Its energy storage activities will continue to include large-scale energy storage projects, while the company said on Friday (23 July) that through a partnership with automotive manufacturer Stellantis, it also aims to build out a large network of EV fast chargers in Southern Europe that will be vehicle-to-grid (V2G) integrated, and powered by solar-plus-storage. These fast charge stations will be capable of also operating as behind-the-meter microgrids that can provide services to commercial and industrial (C&I) customers. 

NHOA’s 10X Masterplan aims to grow the company tenfold by 2025. In this context, having installed around 170MW of energy storage between 2015 and 2021, it believes it can use proceeds of re-capitalisation to target 1.7GWh of storage capacity additions, from projects that would have to be contracted by 2023 to fit the 2025 commissioning timeline.

Breakeven target for 2022 followed by aggressive EBITDA benchmarks

It is also targeting an overall growth in its project pipeline from the €1 billion (US$1.18 billion) that was achieved in 2020, to €10 billion in 2025. The biggest share of this growth is expected in its integrated EV-solar-storage rollout, a business line which it has dubbed Atlante Network and will be carried out by its joint venture (JV) with Stellantis, called Free2Move.

With Free2Move expected to be Stellantis’ preferred EV charge solution provider in countries including Italy, France, Spain and Portugal, NHOA is hoping to deploy more than 35,000 solar-plus-storage V2G fast chargers at around 9,000 sites by 2030. General e-mobility and energy storage activities will account for the rest of the pipeline.

The Atlante Network sites could each include up to 10MW of battery storage in their solar microgrids.

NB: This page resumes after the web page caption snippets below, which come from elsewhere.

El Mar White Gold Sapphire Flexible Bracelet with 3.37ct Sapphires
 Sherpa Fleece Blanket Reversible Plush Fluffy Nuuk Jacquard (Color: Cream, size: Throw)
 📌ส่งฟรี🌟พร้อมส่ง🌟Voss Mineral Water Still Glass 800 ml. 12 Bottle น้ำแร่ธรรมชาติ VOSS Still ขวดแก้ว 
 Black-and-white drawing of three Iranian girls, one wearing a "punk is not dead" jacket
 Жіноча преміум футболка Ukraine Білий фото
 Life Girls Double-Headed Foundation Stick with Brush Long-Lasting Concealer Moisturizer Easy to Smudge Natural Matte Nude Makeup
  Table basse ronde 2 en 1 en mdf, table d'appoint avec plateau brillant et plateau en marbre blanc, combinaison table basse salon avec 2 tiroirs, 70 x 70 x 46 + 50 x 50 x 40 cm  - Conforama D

By 2025, NHOA wants to build about 300 of these, which the company said means they could create an aggregate resource of 3GW of batteries that could act as a virtual power plant (VPP). The VPP would be controlled and dispatched by NHOA’s energy management system (EMS), called PROPHET.

NHOA said around €50 million funding is available immediately but getting the 10X Masterplan’s ‘strategic ambitions’ financed is contingent on the approval of a €130 million capital raise, around the value of TCC’s investment. This would be used to recapitalise NHOA and to fund the first phase of the Atlante project’s capital expenditures as well as related expenses. After the first phase of that rollout is completed, NHOA expects cashflow to be available for the second phase to continue.

The company will set quarterly performance targets for each key area of the business and hopes that it can go from revenues of around €26 million to €40 million expected in 2021 to rapidly go to between €100 million to €150 million in 2022, which would enable it to break even on EBITDA. By 2025, it wants to post annual revenue figures of more than €600 million and achieve EBITDA margins above 10% and then by 2030 hit EBITDA margins of around 15%. This would require the company’s revenues in 2030 being 15x what they will be in 2022, the company said.